Tout d'abord il a fallu l'idée, ensuite élaborer un concept qui tienne la route et finalement mobilier les ressources tant humaines que financières pour assurer sa viabilité. Il n'hésitera pas à aborder les plus hautes personnalités de l'Etat pour s'assurer leur concours, qui s'avérera d'ailleurs indéfectible. Il mobilisera et surtout fidélisera autour de lui tant de personnes, issues des horizons les plus divers, tant de fonctionnaires, peu habitués peut-être à être relancés de matière aussi assidue, tant d'associations et d'institutions aussi bien nationales qu'internationales, qu'il finira par donner vie à un projet auquel beaucoup n'auraient pas donné l'ombre d'une chance de réussite.
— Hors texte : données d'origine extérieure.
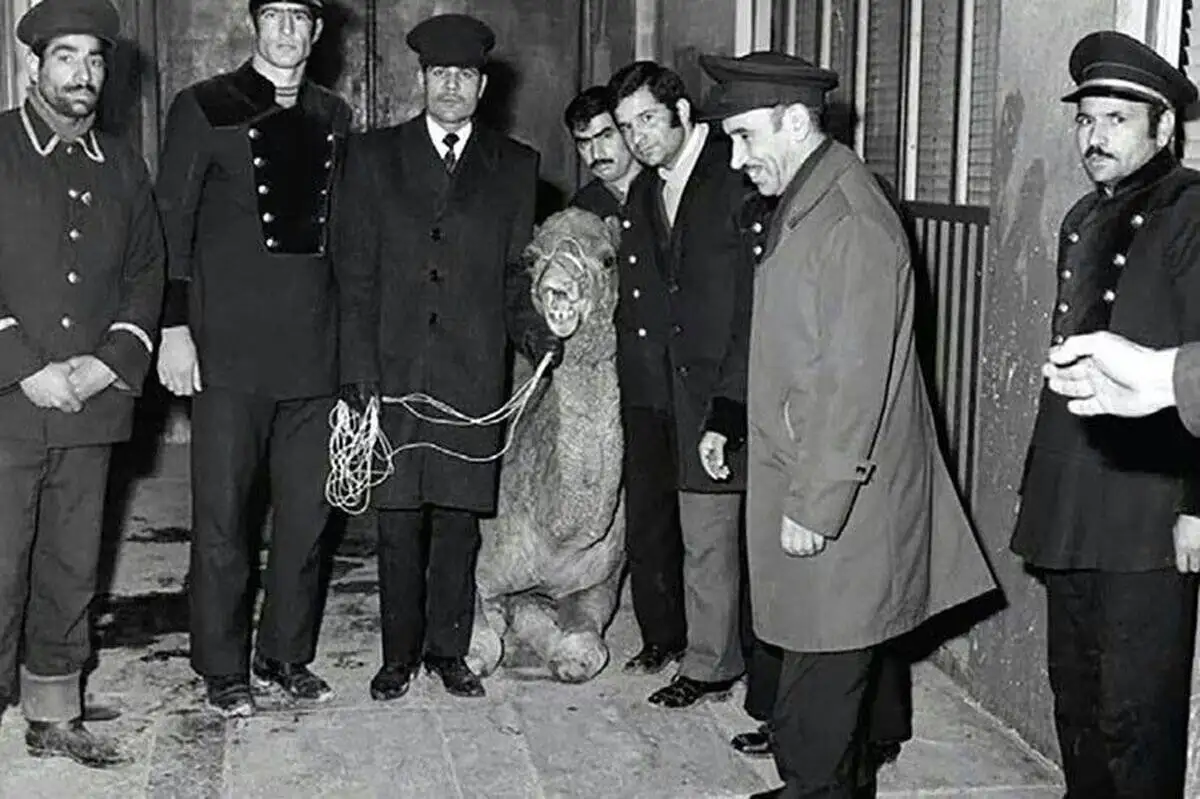 عکس شتری که به حرم امام رضا(ع) پناه برد؛ ماجرا چه بود؟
S'il s'avère déjà assez difficile d'initier la mise en oeuvre d'une telle action, il est assurément encore plus ardu d'en assurer la continuité. Deux vertus cardinales lui ont permis de mener à bien son entreprise, malgré les nombreux écueils rencontrés.

Tout d'abord, il s'est révélé être un administrateur tout à la fois efficace et efficient. Il a l'oeil à tout, vérifié les moindres détails, planifie minutieusement chaque étape, secondé - il est vrai - par un secrétariat aux ordres. A l'observer dans son travail de gestionnaire, on croirait parfois être en présence d'un manager d'un grand groupe du CAC. Combien de coups de téléphone passe-t-il par jour ? 50, 100, 200 ... incalculables de toute façon (Suite à de nombreuses conversations, il s'est résolu à installer un kit mains libres dans sa fourgonnette, une véritable abomination: en effet, son articulation laissant par ailleurs parfois à désirer, la mauvaise qualité de la communication et le fait de mâchonner à tout bout de champ une cigare rendent sons discours inaudible). Une deuxième compétence qui le distingue, c'est sa capacité à traduire en mesures bien concrètes les concepts qu'il a modelés.